Hi, Mari, I don’t know you personally, and you don’t know me personally. So this isn’t personal. However, yesterday I read something on Twitter about an initiative you took, I wanted to post about.
I can’t tell it to you in person since we live in completely other parts of the world and since sending a DM via Twitter or trying to contact you otherwise most of the time results in ‘My inbox is so full now’ or ‘I am so busy now’ messages.
I truly think you’re very busy so no offense taken for that. But of course you want to be busy. I mean; you are everywhere: a Facebook profile, a Facebook fan page, Twitter, FriendFeed, LinkedIn, 3 accounts on YouTube, Flickr, StumbleUpon, Digg, Plaxo, Posterous, EzineArticles, your blog, I guess the list doesn’t stop here.
It’s normal that you’re so present in social media. In the end, it’s how you market yourself: a Relationship Marketing Specialist, everybody has to make a living, right? Today, your Twitter page contains a message from Tweetie about Christmas, and it says “love this life”. I bet you do. 57,961 followers, your Twitter page says. And there’s nice pictures too: you with Richard Branson, you with… etc.
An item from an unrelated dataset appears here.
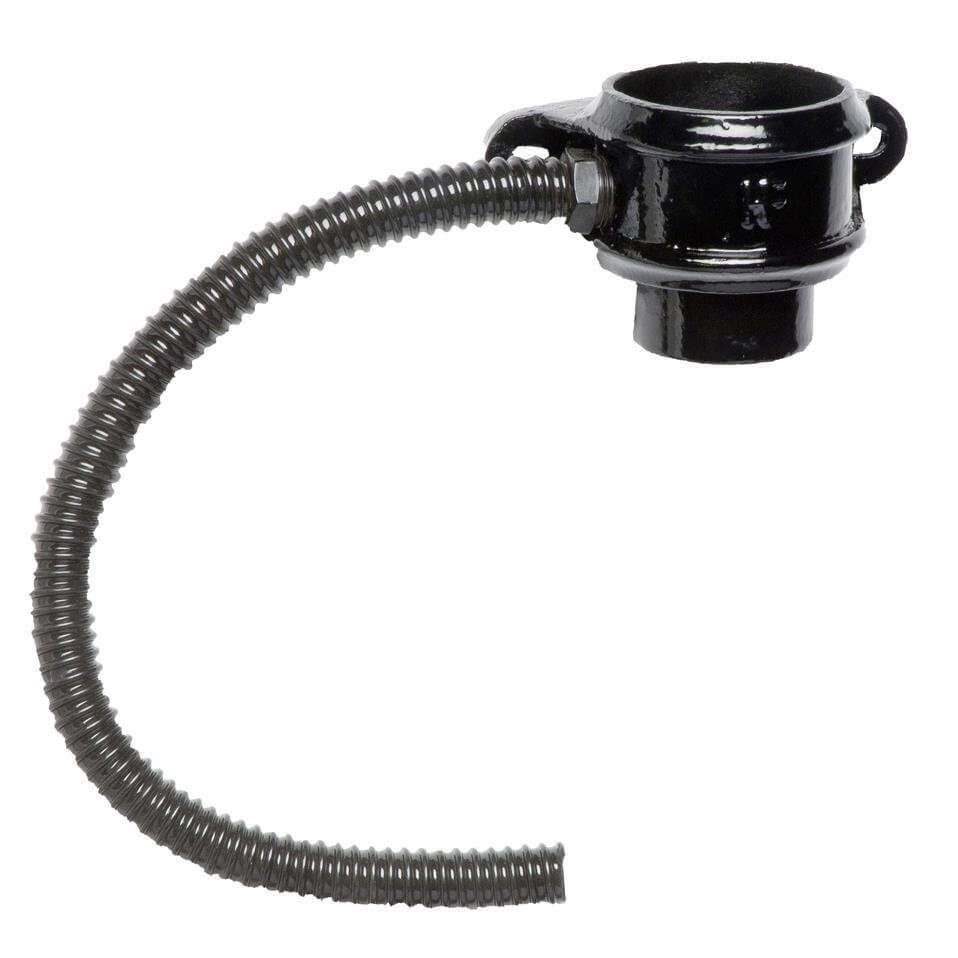 Cast Iron Round Downpipe Diverter Kit Left Hand - 65mm Black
They called you the ‘pied piper of the online world’, that’s not your fault of course. And now you founded the International Social Media Association. And you’re the president too. Well, why not? There is a Web Analytics Association too, for example, and the people that founded it were experts like you, so no harm in that, right?
Readers of this post: you can even join the International Social Media Association for free, so go ahead and become a member (and Mari is on the site everywhere, so you can see and hear her at work!).
However, if you want to use the logo of the association and some more stuff, you’ll have to pay. But not much. For 149.5 USD per annum, you are a Premium member. That’s a lot cheaper than other ‘professional associations’. Hell, I pay over 3,000 USD just to be a member of the IAB in my small country and the benefits are nothing, in comparison to those of the International Social Media Association.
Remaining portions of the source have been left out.